If you are a business owner, it is certainly a good time to look for and keep an eye out for a potential commercial building to house your business. If you are an investor, be aware that attractive opportunities do come along.

Truckee/Tahoe and the surrounding areas experienced almost no commercial real estate sales in 2008. Besides the recession itself, commercial money was simply all but impossible to obtain.

It makes sense as commercial loans are riskier than ones for an owner-occupied residence, but thankfully, after the local commercial market had some wild swings between 2008 and 2012, we’ve since seen a pretty steady increase in the number of sales as well as the price per sale.
The reasons are simple: The economy is much healthier than it was five to nine years ago, and commercial lending is once again moving along at a reasonable clip with great interest rates.

An Investor’s Point of View

Commercial real estate is sought after and purchased by either investors or owner-occupied businesses. Investors are specifically looking for a return on investment (ROI) — we call this the cap rate. For example, if we purchased a building for $100,000, as investors, we would want to see a net operating income (NOI) on our profit and loss statements of somewhere between 5 and 10 percent per year.

I have folks approach me asking to help look for a commercial building with a 9 percent ROI. They get confused when I tell them that it is more common in the Tahoe/Truckee area to hope for a 5 to 6 percent cap rate. I tell them that they can probably get their 9 percent return if they will be purchasing an investment property in Stockton or Bakersfield.

Should a Business Owner Consider Owning the Real Property?

Another motivation for owning commercial property is that of small business owners wanting to own the property that they operate their business out of. Most leases are what we call “triple net leases.” This means you are already paying the property taxes and insurance (for your landlord) that are applicable to your space. What remains is for you to decide if it is more beneficial to pay rent or consider paying a mortgage where you are gaining equity while owning the property you are presently renting.

Many times, the cost differential is not that much. It’s worth an in-depth discussion with your tax advisor to see the different ways one can achieve benefits by owning the commercial property that houses one’s business. Factors like depreciation can play an important role in one’s taxes.
Never try to do this on your own, though.

Do You Need a Mortgage?

Commercial lending is another, and often necessary, arena to become educated in. Commercial loans are much different from the loans most folks are familiar with. Whereas most of us think in the realm of a 30-year, fully amortized product in the low fours on interest rates, the terms of most commercial loans range from five to 20 years. They may be amortized over 30 years but could have a due date in substantially less time. Additionally, the interest rates are often higher. Rates and terms will also vary according to whether or not it is investor-owned or owner-occupied, type of property, and amount of down payment.

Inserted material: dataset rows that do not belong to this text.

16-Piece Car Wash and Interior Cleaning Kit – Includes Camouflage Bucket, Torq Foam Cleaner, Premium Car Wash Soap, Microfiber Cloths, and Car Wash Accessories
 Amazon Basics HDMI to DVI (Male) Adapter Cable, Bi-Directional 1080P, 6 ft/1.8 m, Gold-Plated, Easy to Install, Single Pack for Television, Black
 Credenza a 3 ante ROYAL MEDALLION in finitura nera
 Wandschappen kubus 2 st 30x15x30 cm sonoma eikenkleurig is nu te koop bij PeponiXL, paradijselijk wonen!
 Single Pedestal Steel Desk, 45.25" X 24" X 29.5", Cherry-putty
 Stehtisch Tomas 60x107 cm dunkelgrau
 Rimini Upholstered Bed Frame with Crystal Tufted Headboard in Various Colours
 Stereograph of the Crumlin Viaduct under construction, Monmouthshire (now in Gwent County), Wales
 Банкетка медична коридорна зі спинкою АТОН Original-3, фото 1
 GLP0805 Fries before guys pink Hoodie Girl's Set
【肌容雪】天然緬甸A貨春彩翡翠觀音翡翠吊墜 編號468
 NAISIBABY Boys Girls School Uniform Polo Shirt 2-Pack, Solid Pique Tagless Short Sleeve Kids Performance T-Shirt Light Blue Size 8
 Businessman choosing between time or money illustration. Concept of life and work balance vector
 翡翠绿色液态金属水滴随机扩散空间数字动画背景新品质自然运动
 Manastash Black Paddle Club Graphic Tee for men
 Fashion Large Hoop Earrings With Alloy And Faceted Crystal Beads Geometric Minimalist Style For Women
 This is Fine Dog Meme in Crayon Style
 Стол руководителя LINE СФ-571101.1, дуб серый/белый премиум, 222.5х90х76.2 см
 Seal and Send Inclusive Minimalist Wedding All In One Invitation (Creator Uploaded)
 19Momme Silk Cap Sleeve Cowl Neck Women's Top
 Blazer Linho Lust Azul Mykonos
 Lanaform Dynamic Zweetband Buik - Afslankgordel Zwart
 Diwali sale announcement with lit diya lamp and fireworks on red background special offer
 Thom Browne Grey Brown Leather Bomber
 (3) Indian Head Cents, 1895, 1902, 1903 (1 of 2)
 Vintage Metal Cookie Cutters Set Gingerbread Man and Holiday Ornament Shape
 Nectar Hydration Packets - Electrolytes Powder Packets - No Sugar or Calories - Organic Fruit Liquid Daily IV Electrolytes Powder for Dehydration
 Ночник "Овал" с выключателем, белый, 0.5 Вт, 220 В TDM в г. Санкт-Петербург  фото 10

Nevertheless, commercial rates, as a whole, are very attractive in today’s market. We can see SBA or USDA products from 4.75 percent to 6.75 percent. Individual banks or lenders also have attractive rates than can sometimes outcompete the governmental products. I am seeing many of the local banks offering really good rates and terms in this present market. Also, be aware that down payment requirements will typically want you to have more “skin in the game” than residential loan products. Always read the contracts very carefully, some loans may also request a personal guarantee or cross-collateralization in addition to the note and deed of trust.

~ Brad Hester has been a full time real estate broker in the Tahoe/Truckee area for more than 30 years. He owns real estate offices in Tahoe City and Tahoma as well as two retail toy stores in Tahoe City and Squaw Valley. To contact Hester email laketahoehester@gmail.com.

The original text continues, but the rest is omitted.